Thanks to the Irish Examiner for featuring, Geraldine King, CEO of the National Recruitment Federation, in "My Job" in the business section on Friday 17th May 2019. Read the article below.
Voluntary organisation set up to establish and maintain standards and codes of practice for the Recruitment profession in Ireland. Founded in 1971, the NRF represents recruitment agencies throughout the country and it also promotes professional competence within the profession.
Since its foundation almost a half-century ago, the National Recruitment Federation (NRF) has been tasked with providing support to its membership and promoting professional competence within the profession.
As part of this mission it has inaugurated a formal education programme in recruitment practice to ensure all new entrants to the profession have a solid grounding in legislation, customer service operations and sales.
Over recent decades the recruitment profession has changed significantly with the introduction of job boards and social recruitment having presented challenges to the fundamentals of how the profession operates.
Recognised as the foremost representative body for the profession in Ireland, the NRF also lobbies at national and European level in relation to changes that impact on its members.
“The NRF has grown considerably over the last decade in particular due to putting a focus on membership and its value,” explains Geraldine King, who joined in 2009.
“It was the middle of the recession and our profession was probably one of the hardest hit, and our members found themselves dealing with a totally different market.”
"It was a time when we needed to give our members tangible and workable toolkits to help them sustain and grow the business that they had.”
In her role as CEO, Geraldine King has lobbied government on labour market issues including barriers to women’s participation, the Agency Workers Act, investment in education and labour market skills and zero hours contracts.
As part of expanding NRF members’ services, she has also helped introduce the accredited Certificate in Recruitment Practice to the profession.
The main driver of the lobbying team resulting in the first apprenticeship programme for recruiters on the National Academic Framework, she also successfully secured a dedicated NRF ‘Skillnet’, providing subsidised training for members.

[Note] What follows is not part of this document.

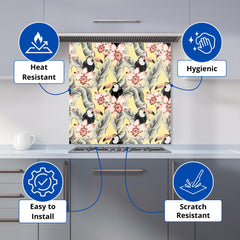 Toucans, Orchids And Palm Leaves Kitchen Splashback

“We champion employment laws and any kind of legislative governance to help the worker, and maintain a good relationship with the Government and all those departments that are applicable to where we need to go.”
"And while we have to lobby locally for what is best for the Irish labour market, we are very conscious that it is often a challenge for smaller companies to make changes that have been enacted.”
"For this reason, we provide workshops and breakfast briefings to help them implement what the new legislation directs.”
The NRF is currently taking applications for its Programme in Recruitment Practice, the only dedicated programme of its kind in Ireland, and presented in partnership with the Institute of Leadership and Management (ILM) and City & Guilds.
“One of my first briefs coming into the NRF was to implement an education portfolio for members, and coming from a background in recruitment, I could see the need for it — also helped by my pre-recruitment background in training.”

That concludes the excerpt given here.